Starting 9: Minor league options can lead to March roster madness
March (roster) Madness
1) Don’t be surprised if John Holdzkom begins the year in Triple-A, and if he does it will have nothing to do with his spring performance. (Also keep in mind Holdzkom has all of nine innings of major league experience). The hard-throwing Arquimedes Caminero, acquired from the Marlins this offseason, is out of options and is perhaps pitching too well for the Pirates to risk losing.
Caminero always has thrown hard and missed bats …
Year | Avg. fastball velocity (PITCHf/x) | Swinging strike Pct.
… but now he’s throwing strikes this spring.
Caminero entered Friday with 12 strikeouts and just one walk this spring in eight innings. Against the Yankees earlier this month, he struck out the side by generating a whopping eight swings and misses. Scouts are buzzing about Caminero.
2) In addition to a crowded bullpen, there is one vacant bench spot on the Pirates roster but it is almost certainly going to go to a left-handed bat. What’s working against Jose Tabata, who has made an effective swing adjustment this spring to better lift the ball, is he’s right-handed and the four bench locks: Jung Ho Kang, Chris Stewart (or Tony Sanchez), Sean Rodriguez and Corey Hart are right handed.
3) If the Pirates prefer left-handed power, Andrew Lambo will be the choice as 25th man, though his bat has been cool for a second straight spring. If the Pirates prefer on-base skills, Jaff Decker is a sleeper candidate. Decker has an excellent eye and an astounding 16.4 percent walk rate for his minor league career. He also has an outstanding throwing arm.

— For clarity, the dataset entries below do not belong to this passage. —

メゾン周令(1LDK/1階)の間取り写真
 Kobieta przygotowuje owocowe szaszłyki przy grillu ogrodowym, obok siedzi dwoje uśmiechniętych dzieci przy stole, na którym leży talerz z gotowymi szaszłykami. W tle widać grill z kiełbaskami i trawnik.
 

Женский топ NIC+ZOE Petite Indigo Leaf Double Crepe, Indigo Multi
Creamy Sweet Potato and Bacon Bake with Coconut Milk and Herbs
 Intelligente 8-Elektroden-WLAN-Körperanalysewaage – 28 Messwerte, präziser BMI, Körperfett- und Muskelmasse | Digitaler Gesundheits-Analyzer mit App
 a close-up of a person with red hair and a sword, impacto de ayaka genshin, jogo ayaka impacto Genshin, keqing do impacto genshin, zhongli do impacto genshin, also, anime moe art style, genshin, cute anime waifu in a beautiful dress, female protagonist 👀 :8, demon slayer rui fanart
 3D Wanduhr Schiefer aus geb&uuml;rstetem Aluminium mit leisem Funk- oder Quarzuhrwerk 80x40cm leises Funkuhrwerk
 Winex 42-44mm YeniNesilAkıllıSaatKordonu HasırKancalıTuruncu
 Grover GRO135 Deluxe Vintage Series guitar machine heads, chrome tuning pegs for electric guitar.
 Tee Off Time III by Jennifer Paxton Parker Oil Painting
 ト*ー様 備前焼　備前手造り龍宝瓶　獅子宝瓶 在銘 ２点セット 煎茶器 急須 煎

4) The Pirates likely are prioritizing bat over glove with the 25th spot as Rodriguez can play every outfield position, and actually began in the outfield as an amateur. Hart might test his knees in the outfielder later this month.
5) Starling Marte is perhaps underappreciated nationally but that could change this season as Marte has picked up where he left off in the second half, blistering everything thrown his way.
6) Marte has consistently hit in the fifth spot this spring and while Pirates manager Clint Hurdle has yet to publicly commit to that being his opening day lineup position, Hurdle has said he looks at Marte as more of a “run producer” than a “run creator.”
7) Marte produced like a middle of the order bat, like another potential MVP candidate, after June last season. In the second half, Marte made a mechanical change in widening his stance, and a mental one in trying to eliminate half the plate on each pitch offering. He began to strike out at a below-average rate and hit with above-average power.
Marte’s second half:
K rate: 18.0%
HR/FB: 18.4% (league average was 9.5%)
8) Pirates general manager Neal Huntington also is on board with the concept of moving Marte down in the lineup.
“We always envisioned he would end up toward the middle of the lineup,” Huntington said.
9) Perhaps Marte isn’t the only Pirates hitter who should move in the batting order. The third spot in the batting order has traditionally been reserved for a club’s best hitter. But data-based research has shown the third spot is not among the three most ideal batting positions, rather, the fifth or sixth is most optimal. Why? The third hitter comes to bat with two outs and no one on more than another other spot in an order.
Some clubs have moved their best hitter to the No. 2 spot like the Angles with Mike Trout. Perhaps the analytical-friendly Pirates should consider a similar move with McCutchen.